A los quince años soñamos con un amor incondicional, el que lo da todo, se entrega, se embriaga, se desboca, intenta abrirse camino entre dudas, dolores, esperanzas, inquietudes. Al decir “te amo”, más allá del verbo y del pronombre ponemos nuestro sello como quien cierra con cera roja un sobre rebosante de secretos inconfesables.
Con los años nos enteramos de que el amor no es tan solo emoción sino fuerza capaz de derribar obstáculos, construir torres, sueños, romper diques, infringir leyes, códigos, desafiar a los dioses, vencer la lógica, desquiciar la razón, empollar pecados. El amor, siendo energía, necesita ser canalizado. Si pierde los estribos, se derrama en incontenibles anegaciones, lastimosas hemorragias. El crimen pasional sucede cuando se encabrita el capricho, se nubla la conciencia, se desata el instinto.
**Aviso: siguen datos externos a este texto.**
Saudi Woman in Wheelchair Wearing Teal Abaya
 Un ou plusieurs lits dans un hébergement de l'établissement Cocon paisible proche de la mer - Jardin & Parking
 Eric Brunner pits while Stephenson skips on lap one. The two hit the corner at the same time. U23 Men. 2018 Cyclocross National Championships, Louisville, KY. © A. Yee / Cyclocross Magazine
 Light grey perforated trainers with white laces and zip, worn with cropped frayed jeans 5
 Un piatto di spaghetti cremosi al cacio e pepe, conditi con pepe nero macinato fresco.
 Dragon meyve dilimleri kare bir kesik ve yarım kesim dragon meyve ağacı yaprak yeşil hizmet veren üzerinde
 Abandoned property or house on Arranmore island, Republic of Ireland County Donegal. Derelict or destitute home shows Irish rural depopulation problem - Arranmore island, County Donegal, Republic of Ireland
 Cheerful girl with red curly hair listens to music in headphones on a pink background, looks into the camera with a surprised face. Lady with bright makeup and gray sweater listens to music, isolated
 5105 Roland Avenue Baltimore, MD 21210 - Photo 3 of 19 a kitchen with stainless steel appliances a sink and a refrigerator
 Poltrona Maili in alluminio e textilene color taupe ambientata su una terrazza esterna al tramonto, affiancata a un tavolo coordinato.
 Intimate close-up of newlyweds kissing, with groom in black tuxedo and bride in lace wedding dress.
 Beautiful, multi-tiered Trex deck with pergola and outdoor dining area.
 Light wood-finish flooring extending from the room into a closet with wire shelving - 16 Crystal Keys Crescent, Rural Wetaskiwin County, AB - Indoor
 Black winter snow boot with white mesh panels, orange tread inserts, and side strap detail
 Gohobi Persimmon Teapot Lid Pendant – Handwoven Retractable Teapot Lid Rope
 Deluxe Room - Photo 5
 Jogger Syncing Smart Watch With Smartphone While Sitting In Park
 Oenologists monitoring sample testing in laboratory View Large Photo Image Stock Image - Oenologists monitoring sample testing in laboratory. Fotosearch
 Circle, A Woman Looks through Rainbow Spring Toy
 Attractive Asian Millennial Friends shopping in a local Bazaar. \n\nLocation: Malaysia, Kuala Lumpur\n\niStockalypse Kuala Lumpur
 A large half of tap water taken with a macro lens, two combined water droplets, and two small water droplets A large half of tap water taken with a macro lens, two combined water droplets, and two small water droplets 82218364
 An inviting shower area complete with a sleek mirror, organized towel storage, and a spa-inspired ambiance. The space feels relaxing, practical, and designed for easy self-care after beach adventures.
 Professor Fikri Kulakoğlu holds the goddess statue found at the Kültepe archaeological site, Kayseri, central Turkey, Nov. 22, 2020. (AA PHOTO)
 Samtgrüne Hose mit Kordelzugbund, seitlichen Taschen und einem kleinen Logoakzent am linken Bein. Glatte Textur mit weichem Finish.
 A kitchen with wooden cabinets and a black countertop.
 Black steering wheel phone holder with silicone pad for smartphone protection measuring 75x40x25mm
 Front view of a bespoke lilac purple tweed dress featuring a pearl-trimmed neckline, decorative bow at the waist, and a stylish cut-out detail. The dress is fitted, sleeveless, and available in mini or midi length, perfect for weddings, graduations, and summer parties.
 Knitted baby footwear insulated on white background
Se mata también por amor a Dios, amor desquiciado, cólera que equivocó su rumbo en Iraq o en Nueva York.
El amor no es abuso, no sabe lastimar ni tampoco perjudicar. No se limita a una o pocas personas, se extiende al universo entero, a todo lo que vive, respira: plantas, flores, animales, objetos inanimados que de pronto nos conmueven. El amor es actitud frente al breve espacio que nos dieron para adquirir conciencia entre el nacer y el morir.
Cuando se marcha para siempre el ser que amamos, el dolor arranca en cámara lenta un esparadrapo que llevamos fuertemente pegado en el corazón. La herida se despedaza lentamente volviéndose incurable. Sin amor somos solamente primates dotados de un lenguaje articulado, postura erguida y manos prensiles.